Output from training is stored in the TRAIN_DIR folder passed to the training scripts. This consists of the following:

  • model_latest.pt checkpoints every epoch (overwritten);

  • model_XXX.pt checkpoints where XXX is the epoch number, every checkpoint_epochs epochs;

  • model_stage_X.pt at the end of training stage X;

  • history.txt with columns (epoch number, train loss, test loss, learning rate);

  • svd_L1.hdf5, …, storing SVD basis information used for seeding the embedding network;

  • local_settings.yaml with local settings for the run (not stored with checkpoints).

The .pt and .hdf5 files may all be inspected using dingo_ls. This prints all the settings, as well as diagnostic information for SVD bases. The saved settings include all the settings provided in the settings file, as well as several derived quantities, such as parameter standardizations, additional context parameters (for GNPE), etc.

Modifying a checkpoint

Occasionally it may be necessary to change a setting of a partially trained model. For example, a model may have been successfully pre-trained, but the fine-tuning failed, and one may wish to change the fine-tuning settings without starting from scratch.
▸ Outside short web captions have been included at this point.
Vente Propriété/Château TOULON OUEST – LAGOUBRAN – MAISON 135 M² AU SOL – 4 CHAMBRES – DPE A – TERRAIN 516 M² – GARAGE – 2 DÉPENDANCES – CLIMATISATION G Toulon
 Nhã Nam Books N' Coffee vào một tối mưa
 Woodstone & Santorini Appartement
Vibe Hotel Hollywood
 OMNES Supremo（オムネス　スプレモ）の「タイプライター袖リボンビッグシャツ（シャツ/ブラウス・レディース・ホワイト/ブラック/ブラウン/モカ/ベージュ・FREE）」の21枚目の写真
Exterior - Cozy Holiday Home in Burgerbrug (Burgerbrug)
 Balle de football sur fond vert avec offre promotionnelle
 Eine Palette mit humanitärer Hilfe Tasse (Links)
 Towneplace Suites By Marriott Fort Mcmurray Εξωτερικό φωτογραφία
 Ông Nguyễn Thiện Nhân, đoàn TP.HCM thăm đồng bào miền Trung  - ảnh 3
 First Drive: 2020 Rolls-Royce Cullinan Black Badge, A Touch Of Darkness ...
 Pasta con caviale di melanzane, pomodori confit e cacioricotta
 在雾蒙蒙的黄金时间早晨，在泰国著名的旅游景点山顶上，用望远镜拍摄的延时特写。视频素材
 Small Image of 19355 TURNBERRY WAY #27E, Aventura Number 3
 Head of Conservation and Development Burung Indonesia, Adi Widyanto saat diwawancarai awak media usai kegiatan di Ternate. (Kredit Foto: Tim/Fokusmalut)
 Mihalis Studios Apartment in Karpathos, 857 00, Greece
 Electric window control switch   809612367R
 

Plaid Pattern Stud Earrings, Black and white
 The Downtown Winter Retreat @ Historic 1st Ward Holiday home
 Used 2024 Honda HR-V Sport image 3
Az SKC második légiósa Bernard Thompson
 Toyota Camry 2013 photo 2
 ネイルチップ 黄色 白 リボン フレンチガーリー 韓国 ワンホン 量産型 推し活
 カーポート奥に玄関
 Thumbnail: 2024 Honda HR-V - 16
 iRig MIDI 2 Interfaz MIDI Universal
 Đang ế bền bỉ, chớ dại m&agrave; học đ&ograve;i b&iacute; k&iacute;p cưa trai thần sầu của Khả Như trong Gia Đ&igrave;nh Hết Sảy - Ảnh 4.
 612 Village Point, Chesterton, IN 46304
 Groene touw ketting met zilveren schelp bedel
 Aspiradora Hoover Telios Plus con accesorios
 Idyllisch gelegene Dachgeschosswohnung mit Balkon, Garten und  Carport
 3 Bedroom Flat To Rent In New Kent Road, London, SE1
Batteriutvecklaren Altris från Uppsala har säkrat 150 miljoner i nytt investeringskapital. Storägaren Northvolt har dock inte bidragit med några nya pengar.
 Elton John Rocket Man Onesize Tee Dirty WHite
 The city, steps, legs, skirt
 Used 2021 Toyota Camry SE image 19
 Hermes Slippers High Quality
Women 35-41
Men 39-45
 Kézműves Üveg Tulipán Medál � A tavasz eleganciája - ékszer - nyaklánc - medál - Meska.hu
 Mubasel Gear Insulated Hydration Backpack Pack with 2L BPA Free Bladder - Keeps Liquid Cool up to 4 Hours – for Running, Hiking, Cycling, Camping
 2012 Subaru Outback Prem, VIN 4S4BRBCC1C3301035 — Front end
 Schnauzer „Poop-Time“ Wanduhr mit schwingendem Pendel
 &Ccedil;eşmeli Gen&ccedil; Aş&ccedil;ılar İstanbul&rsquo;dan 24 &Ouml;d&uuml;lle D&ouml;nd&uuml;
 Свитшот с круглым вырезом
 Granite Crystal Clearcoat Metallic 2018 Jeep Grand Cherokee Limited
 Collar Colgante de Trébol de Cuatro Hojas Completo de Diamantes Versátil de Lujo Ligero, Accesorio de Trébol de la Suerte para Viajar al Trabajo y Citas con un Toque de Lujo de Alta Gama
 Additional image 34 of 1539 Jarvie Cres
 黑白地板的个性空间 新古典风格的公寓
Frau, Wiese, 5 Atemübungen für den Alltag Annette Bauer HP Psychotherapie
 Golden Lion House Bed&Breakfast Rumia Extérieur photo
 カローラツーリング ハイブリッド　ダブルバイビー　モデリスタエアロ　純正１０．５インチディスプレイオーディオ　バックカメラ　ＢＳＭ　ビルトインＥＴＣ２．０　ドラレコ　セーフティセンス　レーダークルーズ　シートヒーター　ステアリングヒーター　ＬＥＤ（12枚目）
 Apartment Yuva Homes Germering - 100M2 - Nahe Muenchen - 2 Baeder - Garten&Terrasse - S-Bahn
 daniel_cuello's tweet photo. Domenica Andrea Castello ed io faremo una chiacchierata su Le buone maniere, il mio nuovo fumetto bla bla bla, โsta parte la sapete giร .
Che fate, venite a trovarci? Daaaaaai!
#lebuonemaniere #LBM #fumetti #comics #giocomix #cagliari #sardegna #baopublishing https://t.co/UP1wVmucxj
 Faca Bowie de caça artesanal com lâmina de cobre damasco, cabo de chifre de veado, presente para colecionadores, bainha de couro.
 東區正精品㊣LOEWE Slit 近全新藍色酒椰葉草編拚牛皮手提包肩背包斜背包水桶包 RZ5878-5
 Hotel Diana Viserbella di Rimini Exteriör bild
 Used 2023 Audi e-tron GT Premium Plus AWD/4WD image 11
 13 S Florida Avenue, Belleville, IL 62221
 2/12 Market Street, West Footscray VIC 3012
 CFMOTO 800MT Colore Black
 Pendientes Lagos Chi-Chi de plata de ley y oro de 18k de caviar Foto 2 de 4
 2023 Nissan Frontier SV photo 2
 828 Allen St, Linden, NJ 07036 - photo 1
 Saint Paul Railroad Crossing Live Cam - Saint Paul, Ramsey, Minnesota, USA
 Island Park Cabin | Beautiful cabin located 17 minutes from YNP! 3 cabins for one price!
Since the model setting are all stored with the checkpoint, they just need to be changed.

The script dingo_append_training_stage allows for appending a model stage or replacing an existing planned stage. It will fail if the stage has already begun training, so be sure to use it on a sufficiently early checkpoint.

usage: dingo_append_training_stage [-h] --checkpoint CHECKPOINT --stage_settings_file STAGE_SETTINGS_FILE --out_file OUT_FILE [--replace REPLACE]

optional arguments:
  -h, --help            show this help message and exit
  --checkpoint CHECKPOINT
  --stage_settings_file STAGE_SETTINGS_FILE
  --out_file OUT_FILE
  --replace REPLACE

For more detailed adjustments to the training settings the script one can use the script compatibility/update_model_metadata.py.

usage: update_model_metadata.py [-h] --checkpoint CHECKPOINT --key KEY [KEY ...] --value VALUE

optional arguments:
  -h, --help            show this help message and exit
  --checkpoint CHECKPOINT
  --key KEY [KEY ...]
  --value VALUE

Warning

Modifications to model metadata can easily break things. Do not use this unless completely sure what you are doing!